In a long-awaited ruling, a Michigan appeals court today said that the font size on a petition to overturn state Republicans’ souped-up emergency manager law is too small, but that the referendum should go on the ballot anyway. The court wrote, in an essence, that the statutes require them to consider that the people circulating the petition tried to comply substantially with the requirements, and thus their signatures on it should count.

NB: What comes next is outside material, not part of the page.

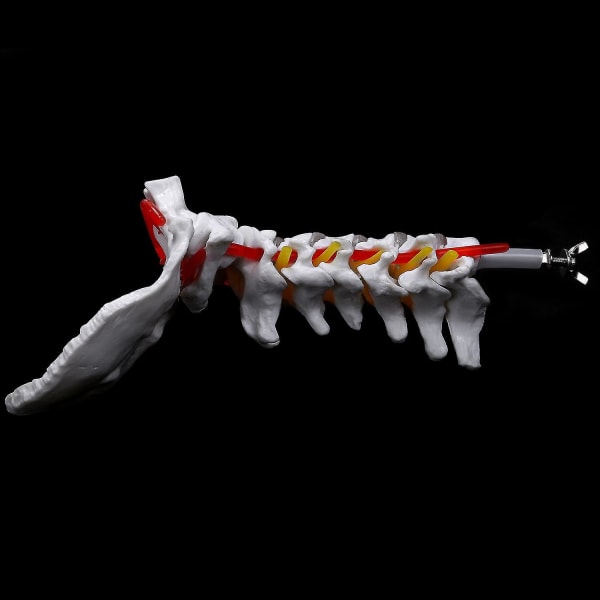 Nackkotan Arteria Ryggraden Spinalnerver Anatomisk Mod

That’s weird part number one. Weird part number two is that the court then stayed its own ruling so it can poll all 28 members of the appeals court on whether to form a special seven-member panel to consider the case. Eclectablog, a Democratic activist and blogger, calls it a stalling move. He writes:
This delays even further any final ruling. By doing this, they reduce the amount of time opponents of PA 4 will have to get out the vote for the cause and, conceivably could delay a ruling for so long that it might be too late to get on the ballot no matter what the ruling. Keep in mind that, no matter what the final decision is, it will likely go to the state supreme court.
And it’s true that this matter is dragging on. The hyper-partisan Board of State Canvassers, with its competing conflicts of interest, deadlocked on the petitions back on April 26. The appeals court heard the case on May 17, and folks expected a decision within a week or so. The referendum would go on the November ballot, and at this point every week counts.